The raingarden presentation to the school assembly was tied into Dixie's "Curb your Carbon" program to kick off the anticipation of the volunteer planting weekend.

Sunday, October 21, 2007

Rain Garden Features

The features of the Dixie raingarden include:

- a shallow basin with gentle side slopes (usually four to eight inches deep);

- soil that allows infiltration;

- moisture-tolerant plants with deep roots to trap sediment.

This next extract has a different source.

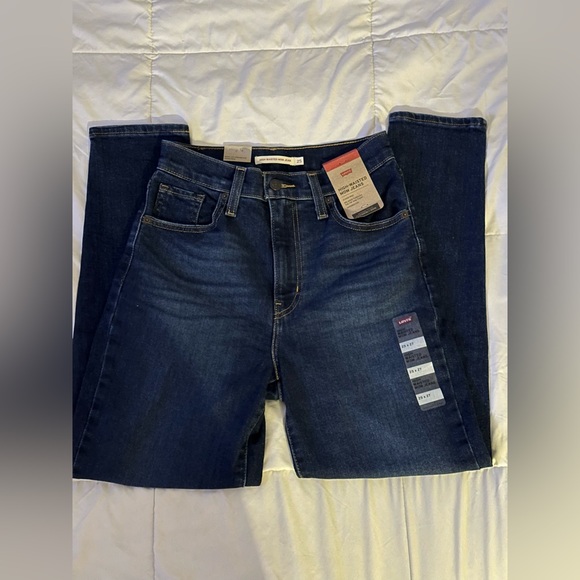 Levi's High-Rise Mom Jeans - Picture 5 of 12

- organic compost as soil amendments to improve soil health

- 3" vineyard mulch on top to retain moisture and protect plants

- 8" local drain rock below 3/4 of central area to function as a natural cistern

- 100% local, recycled or natural materials

- 100% zero waste

- pesticide free

- irrigation free

Saturday, October 20, 2007

A Sustainable Approach

Up to 70 percent of harmful pollutants are introduced by storm water runoff: unfiltered water that reaches waterways by flowing across impervious surfaces: roads, parking lots, driveways, and roofs. Runoff deposits pollutants – via storm drains and sewers into our lakes and streams. Lawn clippings and leaves are also washed into our waterways, reducing oxygen levels and ultimately suffocating fish and other aquatic species. Water that comes off an asphalt roof onto an oil-stained driveway will flow across an over-fertilized lawn straight into creeks, rivers, and lakes.Rain gardens do the opposite. By integrating stormwater into building and site development, raingardens can avoid or mitigate the damaging effects of urbanization to rivers and streams, preventing Global Warming. By keeping stormwater close to where it falls, rain gardens reduce flooding and settle out sediments. They not only prevent stormwater from becoming contaminated, they actually remove pollutants from the water as it percolates through the soil on its way to becoming groundwater.

Friday, October 19, 2007

Environmental Benefits of Landscaping with a Raingarden

Water quality protection. Proper landscaping reduces nitrate leaching from the soil into the water supply and reduces surface water runoff, keeping phosphorus, and other pollutants out of our waterways.
Reduced soil erosion. A dense cover of plants and mulch holds soil in place, keeping sediment out of lakes, streams, storm drains and roads.
Improved air quality. Trees, shrubs, and turf remove smoke, dust and other pollutants from the air. One tree can remove 26 pounds of carbon dioxide from the atmosphere annually, equaling 11,000 miles of car emissions.
Lower summer air temperatures. Trees shading homes can reduce attic temperatures as much as 40 degrees. According to the EPA, urban forests reduce urban air temperatures significantly by shading heat sinks such as buildings and concrete, and returning humidity to the air through evaporative cooling.
Natural resource conservation. By using trees to modify temperatures, the amount of fossil fuels used for cooling and heating is reduced. Properly placed shade trees reduce house temperatures in the summer, allowing air conditioning units to run 2 to 4 percent more efficiently, but allowing the sun to warm the house in the winter.